Когда Сартин садился на своего любимого конька, следовало сменить тему.
— Сударь, меня два месяца не было во Франции, и за это время волнение народа и его тревожные настроения усилились. В столице наблюдается лихорадочное оживление. Но никаких распоряжений не отдано…
— Господин Тюрго не оставляет нас в покое со своими новшествами. Бывают случаи, когда проявление активности не только свидетельствует о слабости, но и дает противнику повод для начала действий. Не будем поддаваться панике, последствия могут оказаться непредсказуемы. Господин Тюрго намеревается потрясти основы государства. Что ж, посмотрим, кто в конце концов одержит победу: господин Тюрго или реальность.
— Но…
— Никаких «но», господин упрямец. Идите к их величествам и пожинайте заслуженные вами лавры, а потом возвращайтесь в Париж и исследуйте ваш свежий труп. Будем надеяться, что речь не идет об убийстве! По нынешним временам смерть булочника может иметь поистине чудовищные последствия!
— Поэтому дерзну еще раз напомнить, что в провинции уже творится насилие. Я сам…
— Достаточно. Вы меня утомляете. Идите и спойте вашу песнь Тюрго. Ох, какого черта он ведет нас этим путем?
И Сартин погрузился в созерцание нового экспоната своей коллекции.

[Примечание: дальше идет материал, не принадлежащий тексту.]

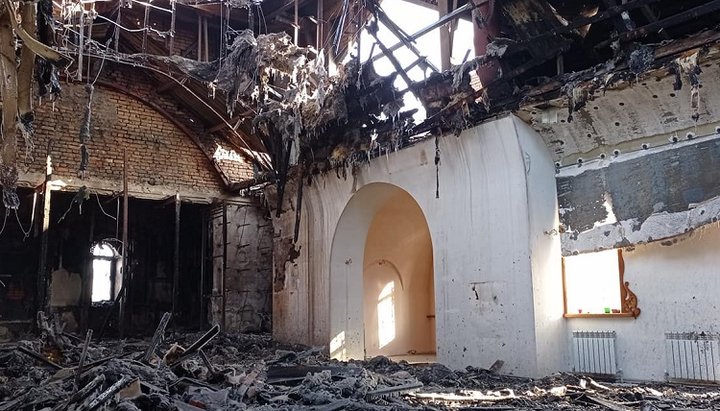 Прихід згорілого храму УПЦ в Новоолександрівці просить про допомогу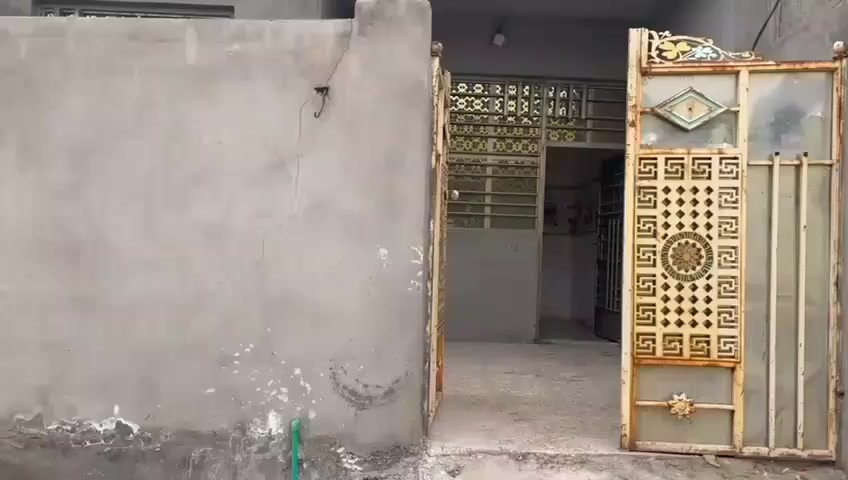 بيت للبيع بجامع طه تفاصيل بلفيديو واستفسار على رقم 
***********
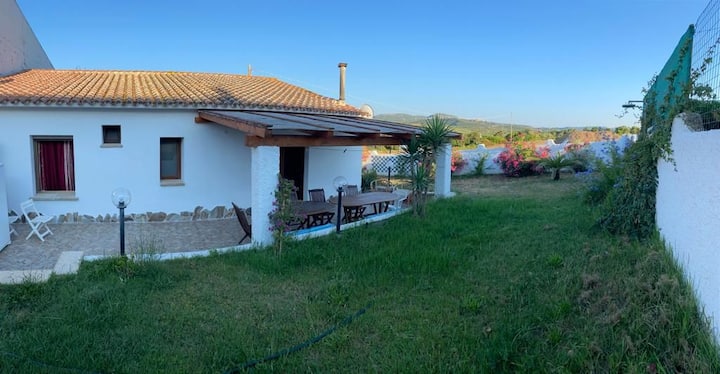 Casa Con Patio E Giardino,350mt Dal Mare - Sardinia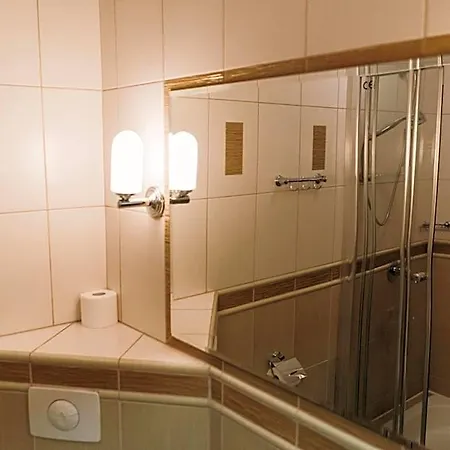 Kinga Hotel *
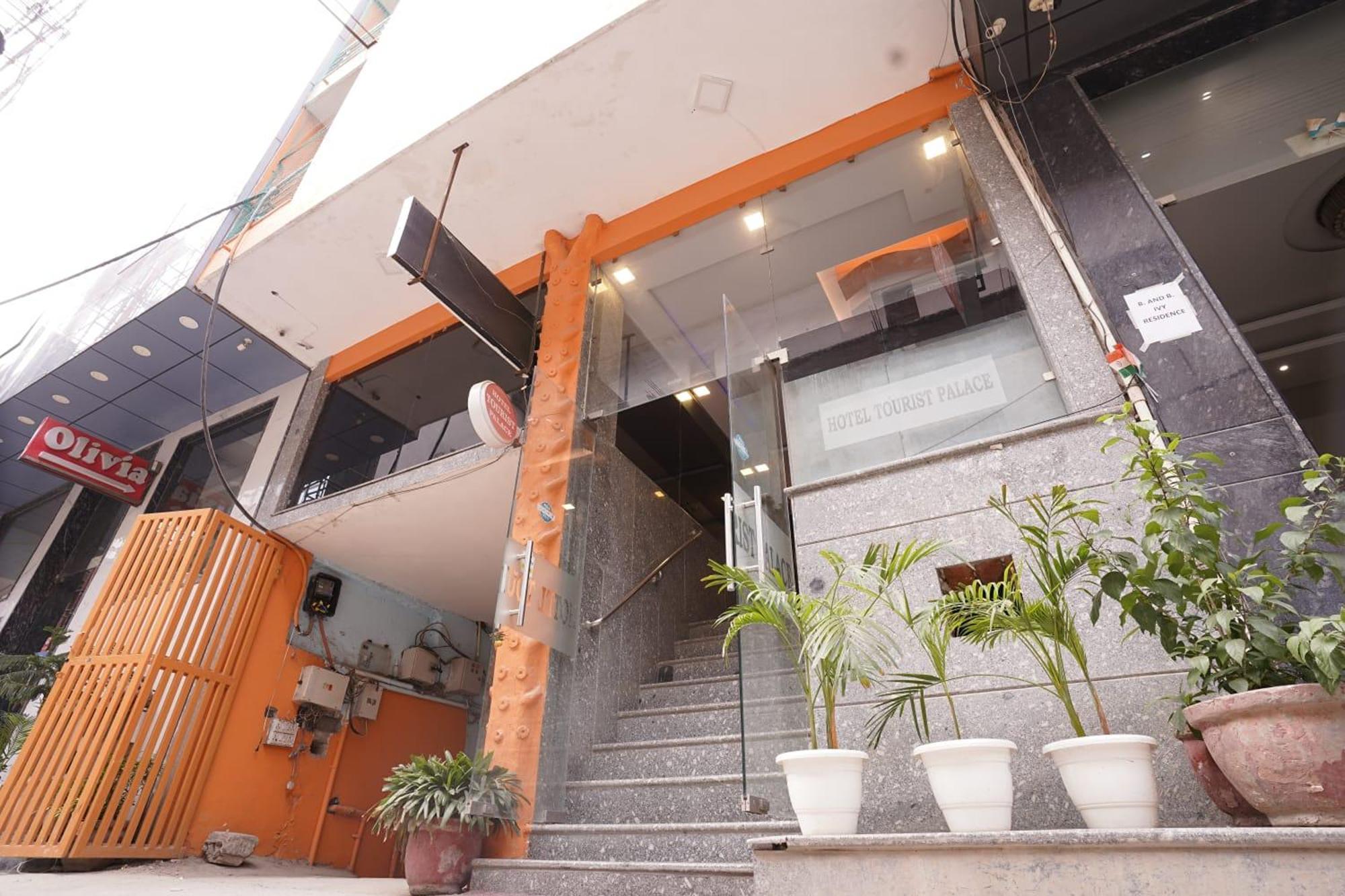 โรงแรมทัวริสต์ พาเลซ นิวเดลี ภายนอก รูปภาพ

Как это часто случалось, Николя вышел от морского министра совершенно разбитым. Зная из собственного опыта, что никогда не следует отвечать на незаданный вопрос или поднимать деликатную тему, о которой никто не вспомнил, он не стал напоминать, что Ленуар приказал ему следить за развитием событий, связанных с волнениями, порожденными повышением цены на хлеб и свободой торговать зерном. Он обязан подчиняться приказам Ленуара. Интересно, что сказал бы Сартин, если бы в бытность его начальником полиции Николя пошел бы получать распоряжения от министра морского флота? В сущности, речи Сартина мало чем отличались от речей Вержена. Но если доводы Вержена были прозрачны, то доводы Сартина, поданные в обертке из тысячи уловок, всегда оставляли место для догадок. И только сварливый тон при упоминании о генеральном контролере финансов ясно свидетельствовал об отношении Сартина к делу, начатому реформатором Тюрго… К сожалению, Николя подозревал, и подозрения его медленно переходили в уверенность, что во всем, что касается Тюрго, Сартин выражал позицию сложившейся при дворе клики противников реформ. Похоже, со смертью короля его бывший начальник обрел свои прежние наклонности и теперь стремился осуществить их. Без сомнения, министр морского флота пребывал в постоянном конфликте с генеральным контролером, ибо службы, руководимые Сартином, по определению требовали постоянного вливания средств, что увеличивало дефицит королевской казны. Кроме того, немощность герцога де Ла Врийера побуждала Сартина надеяться с помощью королевы занять пост министра Королевского дома, тем более что никто не сомневался, что там он был бы более уместен, нежели в своем департаменте, где ему приходилось всему учиться.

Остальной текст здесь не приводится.